On Wednesday, May 8, 2019, exactly one year after pulling out of the Joint Comprehensive Plan of Action ("JCPOA"), U.S. President Donald Trump imposed additional secondary sanctions on Iran’s iron, steel, aluminum, and copper sectors. This move by the Trump Administration follows Tehran’s announcement that it was withdrawing from aspects of the JCPOA while threatening further action if the EU did not shield it from the effects of U.S. sanctions. This imposition of sanctions is part of the Trump Administration’s “maximum pressure” campaign which aims to “deny Iran all paths to both a nuclear weapon and intercontinental ballistic missiles ... [while] counter[ing] the totality of Iran’s malign influence in the Middle East.”
The new sanctions
The new Executive Order became effective from May 8, and provides OFAC with the authority to impose blocking sanctions on any person determined:
(i) to operate in the iron, steel, aluminum, or copper sector of Iran, or to be a person that owns, controls, or operates an entity that is part of the iron, steel, aluminum, or copper sector of Iran;
(ii) to have knowingly engaged in a significant transaction for the sale, supply, or transfer to Iran of significant goods or services used in connection with the iron, steel, aluminum, or copper sectors of Iran;
(iii) to have knowingly engaged in a significant transaction for the purchase, acquisition, sale, transport, or marketing of iron, iron products, aluminum, aluminum products, steel, steel products, copper, or copper products from Iran;
(iv) to have materially assisted, sponsored, or provided financial, material, or technological support for, or goods or services in support of any person whose property and interests in property are blocked pursuant to the Executive Order; or
(v) to be owned or controlled by, or to have acted or purported to act for or on behalf of, directly or indirectly, any person whose property and interests in property are blocked pursuant to the Executive Order.

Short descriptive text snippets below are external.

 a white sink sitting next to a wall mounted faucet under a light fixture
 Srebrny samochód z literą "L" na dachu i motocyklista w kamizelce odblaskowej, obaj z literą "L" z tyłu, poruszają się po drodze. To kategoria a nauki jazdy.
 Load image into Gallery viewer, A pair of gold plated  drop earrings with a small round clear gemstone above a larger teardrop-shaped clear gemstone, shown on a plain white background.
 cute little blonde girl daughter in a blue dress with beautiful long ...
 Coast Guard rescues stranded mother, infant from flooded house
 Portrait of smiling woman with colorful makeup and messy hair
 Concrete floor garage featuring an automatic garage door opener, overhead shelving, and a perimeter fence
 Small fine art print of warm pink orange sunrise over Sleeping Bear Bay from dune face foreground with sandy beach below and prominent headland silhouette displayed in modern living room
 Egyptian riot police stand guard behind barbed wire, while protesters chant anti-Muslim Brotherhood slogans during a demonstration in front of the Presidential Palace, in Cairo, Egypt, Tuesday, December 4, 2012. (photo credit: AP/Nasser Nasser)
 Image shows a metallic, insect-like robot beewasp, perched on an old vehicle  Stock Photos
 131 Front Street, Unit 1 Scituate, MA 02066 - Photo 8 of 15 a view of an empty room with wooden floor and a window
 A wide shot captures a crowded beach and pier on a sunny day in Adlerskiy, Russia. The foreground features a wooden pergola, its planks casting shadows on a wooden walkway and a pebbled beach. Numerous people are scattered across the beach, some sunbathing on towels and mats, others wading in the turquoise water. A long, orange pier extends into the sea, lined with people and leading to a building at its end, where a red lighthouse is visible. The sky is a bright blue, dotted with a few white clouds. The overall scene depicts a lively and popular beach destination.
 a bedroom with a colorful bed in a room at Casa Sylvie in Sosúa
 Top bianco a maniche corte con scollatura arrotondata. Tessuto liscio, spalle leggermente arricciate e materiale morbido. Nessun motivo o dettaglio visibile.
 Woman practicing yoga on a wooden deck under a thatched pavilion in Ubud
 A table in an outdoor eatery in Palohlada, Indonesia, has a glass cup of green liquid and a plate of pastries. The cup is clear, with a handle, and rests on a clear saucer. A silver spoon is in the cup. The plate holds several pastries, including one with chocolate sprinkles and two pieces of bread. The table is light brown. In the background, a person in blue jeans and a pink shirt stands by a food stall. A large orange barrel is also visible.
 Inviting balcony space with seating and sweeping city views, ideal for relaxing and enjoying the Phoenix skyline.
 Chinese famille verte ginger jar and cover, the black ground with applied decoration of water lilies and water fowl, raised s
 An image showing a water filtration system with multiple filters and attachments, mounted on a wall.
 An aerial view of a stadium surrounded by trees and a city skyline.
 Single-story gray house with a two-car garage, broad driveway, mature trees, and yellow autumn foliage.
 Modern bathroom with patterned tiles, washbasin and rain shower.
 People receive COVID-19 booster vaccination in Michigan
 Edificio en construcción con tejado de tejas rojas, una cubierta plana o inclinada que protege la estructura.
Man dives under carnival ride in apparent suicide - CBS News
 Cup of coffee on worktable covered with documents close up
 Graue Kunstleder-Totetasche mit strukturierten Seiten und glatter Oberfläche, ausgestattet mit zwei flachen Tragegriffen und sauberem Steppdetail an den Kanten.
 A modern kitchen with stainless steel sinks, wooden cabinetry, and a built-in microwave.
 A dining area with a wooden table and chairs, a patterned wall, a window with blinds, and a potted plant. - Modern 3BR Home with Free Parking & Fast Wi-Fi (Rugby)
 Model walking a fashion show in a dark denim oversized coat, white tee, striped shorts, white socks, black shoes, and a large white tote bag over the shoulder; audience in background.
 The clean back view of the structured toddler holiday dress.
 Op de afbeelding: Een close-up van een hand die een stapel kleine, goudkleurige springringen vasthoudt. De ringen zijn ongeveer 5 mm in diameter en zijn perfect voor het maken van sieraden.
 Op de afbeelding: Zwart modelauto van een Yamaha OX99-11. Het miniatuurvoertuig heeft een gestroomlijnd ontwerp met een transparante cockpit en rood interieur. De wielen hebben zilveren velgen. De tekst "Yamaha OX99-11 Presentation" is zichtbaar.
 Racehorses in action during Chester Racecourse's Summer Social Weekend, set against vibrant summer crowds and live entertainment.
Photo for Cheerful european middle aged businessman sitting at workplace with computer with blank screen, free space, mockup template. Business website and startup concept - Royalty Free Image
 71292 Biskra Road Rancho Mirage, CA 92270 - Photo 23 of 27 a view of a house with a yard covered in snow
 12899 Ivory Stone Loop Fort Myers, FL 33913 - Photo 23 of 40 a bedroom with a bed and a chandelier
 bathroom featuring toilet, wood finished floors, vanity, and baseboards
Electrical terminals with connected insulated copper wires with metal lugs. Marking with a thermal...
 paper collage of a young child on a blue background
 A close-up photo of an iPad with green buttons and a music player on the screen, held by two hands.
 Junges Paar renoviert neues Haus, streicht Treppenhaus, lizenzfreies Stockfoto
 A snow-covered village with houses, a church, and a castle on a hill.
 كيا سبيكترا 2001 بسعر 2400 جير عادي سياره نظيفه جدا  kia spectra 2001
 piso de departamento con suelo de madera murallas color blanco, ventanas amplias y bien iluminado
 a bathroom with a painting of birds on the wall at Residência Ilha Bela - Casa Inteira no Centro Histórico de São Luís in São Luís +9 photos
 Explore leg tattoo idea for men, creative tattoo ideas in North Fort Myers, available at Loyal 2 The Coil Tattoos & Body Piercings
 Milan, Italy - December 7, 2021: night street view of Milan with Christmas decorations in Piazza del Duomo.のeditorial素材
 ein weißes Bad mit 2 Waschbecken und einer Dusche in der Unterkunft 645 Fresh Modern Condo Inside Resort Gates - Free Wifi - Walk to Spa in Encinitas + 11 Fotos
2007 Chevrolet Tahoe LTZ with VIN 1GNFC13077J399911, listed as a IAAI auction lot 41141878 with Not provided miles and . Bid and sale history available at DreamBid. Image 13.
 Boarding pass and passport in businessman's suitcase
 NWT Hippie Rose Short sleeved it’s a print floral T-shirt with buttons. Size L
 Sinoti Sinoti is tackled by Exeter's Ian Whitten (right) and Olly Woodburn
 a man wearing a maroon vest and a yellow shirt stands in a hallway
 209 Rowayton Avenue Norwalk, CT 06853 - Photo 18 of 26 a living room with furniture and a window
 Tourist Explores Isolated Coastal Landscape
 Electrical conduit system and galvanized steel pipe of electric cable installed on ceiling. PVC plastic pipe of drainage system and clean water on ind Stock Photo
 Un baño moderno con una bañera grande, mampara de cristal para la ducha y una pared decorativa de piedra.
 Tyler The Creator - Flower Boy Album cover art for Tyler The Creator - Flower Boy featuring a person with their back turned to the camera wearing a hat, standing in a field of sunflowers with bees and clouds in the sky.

Section 2 of the Executive Order provides OFAC with the authority to impose correspondent and payable-through account sanctions on foreign financial institutions that process any of the above-described transactions.
Non-U.S. persons engaged in activities now sanctionable under the Executive Order have 90 days (i.e., until August 6, 2019) to wind down those transactions. “New business” entered into between May 8, 2019, and August 6, 2019, “will not be considered wind-down activity and could be sanctioned even during the wind-down period.” “New business” can reasonably be interpreted to mean any written contract or written agreement entered into after May 8, 2019.